So, I don't really follow your argument that this is a reason for introducing a new @kind value.


In contrast, the ATSC Digital Television specification indeed allows an associated visually impaired service to the main service to be either a single channel (which is what is typically implemented) or a complete mix of all program elements (i.e. main and audio description). See

http://www.atsc.org/cms/standards/a_54a_with_corr_1.pdf (6.6.2.3, 6.6.4.3)
and
http://www.atsc.org/cms/index.php/standards/document-download/doc_download/13-a52b-digital-audio-compression-standard-ac-3-e-ac-3-revision-b (p. 117, full_svc flag)
However, it seems that most implementations only do a single channel. Do you know if there are actual implementations out there that do such a mixed delivery? And do they actually mix the channels or do they dedicate, for example, the center channel to audio descriptions, thus retaining the separation?
Comment 7 Bob Lund 2011-08-30 01:34:54 UTC
(In reply to comment #6)
> Bob, you are referring to the "pass-through" rule and references to the use of
> secondary audio programming in the FCC ruling. What this refers to is the use
> of multichannel video programming distributors (MVPDs), which provide a second
> and separate audio channel to the main one in which additional audio content
> can be distributed. Most of the concerns raised in the FCC document are about
> the current use of the secondary channel for a second language audio track and
> that a requirement to provide audio descriptions would require stopping that
> service which is not acceptable for a different part of the MVPDs audience. All
> of the discussion in the FCC document are about MVPDs, i.e. about distributing
> audio descriptions in a secondary audio track. Nowhere do I see a discussion
> about a mixed audio tracks. The only mixing that happens is in the receiving
> device for display purposes.

No, this is not the case. There are only two audio channels - main and secondary. Audio descriptions are mixed with the main dialogue by the programmer and carried in the secondary audio channel. This channel is a mix of dialogue and description. Receivers only tune one of the audio channels. There is no mixing in the receiver.

> 
> So, I don't really follow your argument that this is a reason for introducing a
> new @kind value.

The current @kind does not support identification of an audio channel with dialogue and descriptions.

Bob
> 
> 
> In contrast, the ATSC Digital Television specification indeed allows an
> associated visually impaired service to the main service to be either a single
> channel (which is what is typically implemented) or a complete mix of all
> program elements (i.e. main and audio description).
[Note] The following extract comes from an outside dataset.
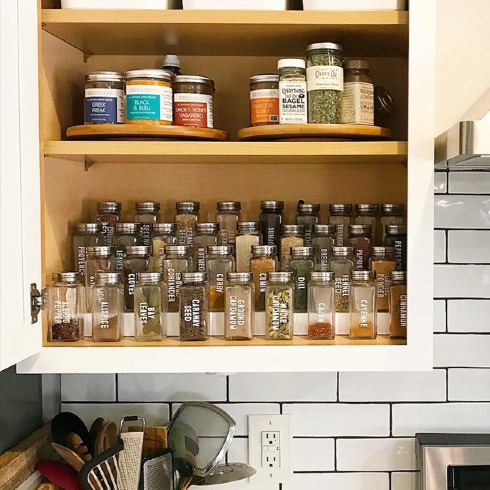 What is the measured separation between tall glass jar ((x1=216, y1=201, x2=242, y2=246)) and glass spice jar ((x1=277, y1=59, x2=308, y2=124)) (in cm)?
24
See
> 
> http://www.atsc.org/cms/standards/a_54a_with_corr_1.pdf (6.6.2.3, 6.6.4.3)
> and
> http://www.atsc.org/cms/index.php/standards/document-download/doc_download/13-a52b-digital-audio-compression-standard-ac-3-e-ac-3-revision-b
> (p. 117, full_svc flag)
> However, it seems that most implementations only do a single channel. Do you
> know if there are actual implementations out there that do such a mixed
> delivery? And do they actually mix the channels or do they dedicate, for
> example, the center channel to audio descriptions, thus retaining the
> separation?
Comment 8 Mark Vickers 2011-08-30 23:24:26 UTC
I checked with our experts on audio description tracks and got the following answer:

"From an International (European) perspective it is correct that Video Descriptions may be delivered separately for downstream mixing, or Descriptions may be delivered pre-mixed.  However in the US and Canada the only technique in use or contemplated at this time is pre-mixed and delivered as an alternate "complete main" audio channel.  I think the W3C needs to account for the differences between how this is done indifferent parts of the world"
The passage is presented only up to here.